NP swabs and saliva samples produce high-quality SARS-CoV-2 genomes

To establish whether we could generate whole SARS-CoV-2 genomes from saliva, we used the ARTIC Network amplicon generation approach to sequence SARS-CoV-2 RNA extracted from 118 NP swabs and 50 saliva samples on the Oxford Nanopore MinION. These samples represent a random subset of SARS-CoV-2 genomes generated as a part of the Yale Biorepository that encompass a range of Cycle Threshold (CT) values and are not matched from the same individual. We found that the cycle threshold (Ct) value for the N1 target according to the Centers for Disease Control and Prevention (CDC) SARS-CoV-2 RT-qPCR diagnostic assay is associated with genome completeness for both NP swabs and saliva samples (Fig. 1A). Specifically, Ct values are inversely correlated with viral RNA quantity, and we could sequence more complete SARS-CoV-2 genomes from samples with low Ct values, regardless of sample type. We generated high-quality genomes from saliva samples with a wide range of Ct values. A Ct value of 30 is often used as a threshold by sequencing labs, where samples with higher Ct values may not generate complete SARS-CoV-2 genomes (Kubik et al. 2021). Based on our RT-qPCR standard curve, a Ct value of 30 corresponds to ∼1,000 SARS-CoV-2 genome equivalents (GE) per microliters (see Section 4). Our data show that we could sequence the majority of samples with a Ct ≤30 to >80 per cent completeness (117/124, 94.3 per cent) (Supplementary Table S1). However, we generated fewer genomes with >80 per cent completeness from saliva samples with a Ct ≤30 (30/36, 83.3 per cent) compared to NP swabs (87/88, 98.8 per cent).
Figure 1.

Saliva performs comparably to nasopharyngeal (NP) swabs as an original sample for SARS-CoV-2 genome sequencing. (A) The percent of genome with at least 20× coverage is plotted against the Ct value for the N1 target for a cohort of unpaired saliva (blue) and NP swab (yellow) samples.

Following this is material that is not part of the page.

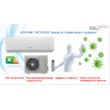 Aeronik ASI-07IU1/ASO-07IU1 серия Antivirus рис.1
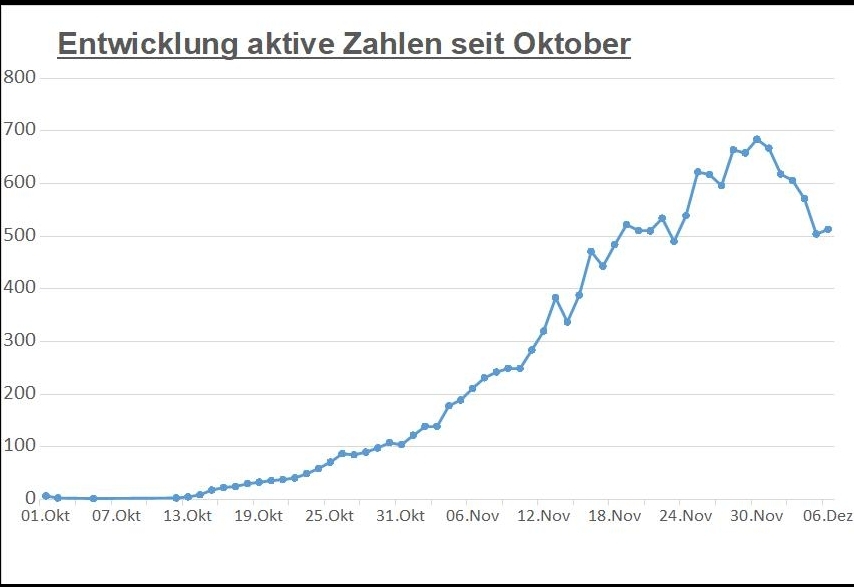 Corona: &Uuml;ber 1.600 genesene Personen in Osttirol &ndash; 43 im BKH Lienz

Samples with a Ct value ≤30 (vertical black dashed line) and a genome completeness <80 per cent (horizontal grey line) are displayed in panel B. (B) The percent of the genome at different coverage thresholds (legend, top right) is plotted against Ct value for the N1 target for select samples from A. Grey lines connect points related to the same sample. (C) A subset of samples from the cohorts in panel A are plotted against the number of reads for each sample, showing that nearly all samples (saliva and NP swab) with at least 200,000 reads (vertical black line) have >80 per cent genome completeness. The mean readcount for each cohort is displayed underneath the legend.

SARS-CoV-2 genomes from matched saliva and NP swabs are similar in completeness and content. (A) A cohort of matched saliva and NP swab samples from the same individual were sequenced and reads were subsampled to match the mate with fewer reads. A grey line connects the mates and an empty circle highlights the mate with lower coverage. (B) A maximum-likelihood tree of matched saliva and NP swab samples from Fig. 2A is rooted against the reference genome (NCBI Accession MN908947.3) to show pairwise identity. Tips of the tree aligning vertically indicate that the genomes from these samples are identical. As we require ≥20 aligned sequencing reads to call a base at any genome position, it is useful to assess lower depths of coverage to determine if more complete genomes would be generated with more data. We evaluated the discrepancy in SARS-CoV-2 genome completeness between sample types by calculating genome completeness at various depths of coverage for the six saliva samples and one NP swab with a low Ct value (≤30) and low genome completeness (<80 per cent) (Fig. 1B). For the six saliva samples at 10×, 5×, or 1× depth of coverage, we found that sequencing reads were generated across the genome, suggesting that simply allocating more sequencing space per sample would have resulted in more complete genomes. However, genome completeness was only slightly improved at lower depths of coverage for the single NP swab sample. This NP swab sample appears to be an anomaly, as all other SARS-CoV-2 genomes generated from NP swabs with CTs <30 generated high-quality genomes. We sequenced all samples included in this study in a multiplexed fashion, with as many as twenty-two samples included per run, and therefore, the total amount of sequencing space given to each sample varies. As expected, we found a direct relationship between the total number of reads per sample and the genome completeness for both saliva and NP swabs (Fig. 1C). Of the fifty-one samples composed of >200,000 reads, fifty (98 per cent) exhibited high levels of genome completeness (>80 per cent). Therefore we suggest allocating at least 200,000 reads per sample, regardless of sample type, to generate near-complete SARS-CoV-2 genomes using this sequencing approach. We have observed more variability in depth of coverage distribution from samples with higher CT values, indicating that more data are necessary to generate high-quality genomes from these samples.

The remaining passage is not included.